ManticMoo.COM -> Jeff's Articles -> Programming Articles -> Using a web proxy to rewrite pages

Using a web proxy to rewrite pages

by Jeffrey P. Bigham

There are a number of reasons you might want to rewrite webpages transparently on the fly. Using a proxy allows these changes to be both completely cross-platform and easy to support. This is in sharp contrast to the other obvious alternative - a browser plugin.

The solution here uses the Apache webserver configured as a forward proxy along with the mod_proxy_html Apache module.

Apache

The first step is to download and install the Apache webserver.
It can be obtained from here: http://httpd.apache.org/.

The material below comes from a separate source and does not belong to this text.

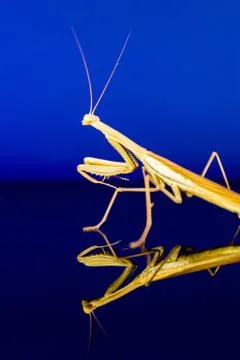 Praying Mantis Stock Photos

Configuration & Installation

Next, configure, make and install as listed below. The proxy and headers modules need to be enabled. When in the apache directory:


./configure --enable-proxy --enable-headers
make
make install

Installing mod_proxy_html

The next step is to install mod_proxy_html. Instructions from the original author can be found here, although, it's a bit sparse on the details of how you might alter this for your own purposes. Basically, you'll need to download the source and compile it with the command below:


{PREFIX}/apache/bin/apxs -c -I {LIBXML2 PATH}/include/libxml2/ -i mod_proxy_html.c

You'll notice that this requires libxml2, which can be downloaded from here: http://xmlsoft.org/downloads.html

Configuring Apache

Configuring Apache to act as a proxy and to use your new module takes only a few directives. Place the following items in the appropriate place in the httpd.conf file that came with your Apache distribution.


Listen 8000

...

LoadFile /usr/lib/libxml2.so
LoadModule proxy_html_module modules/mod_proxy_html.so

...

<IfModule mod_proxy.c>
 ProxyRequests On
 SetOutputFilter proxy-html
</IfModule>

And that's basically it! The first directive tells apache to listen for proxy reqeusts on port 8000, the next pair tells Apache to link in the libxml2 library that is used by the mod_proxy_html module and loads the mod_proxy_html module, and the final group turns on the forward proxy and finally tells Apache to filter output through the mod_proxy_html module.

Filtering HTML

Actually filtering HTML content using the mod_proxy_html module requires some C programming, but given the framework exposed by the module it's fairly straightforward.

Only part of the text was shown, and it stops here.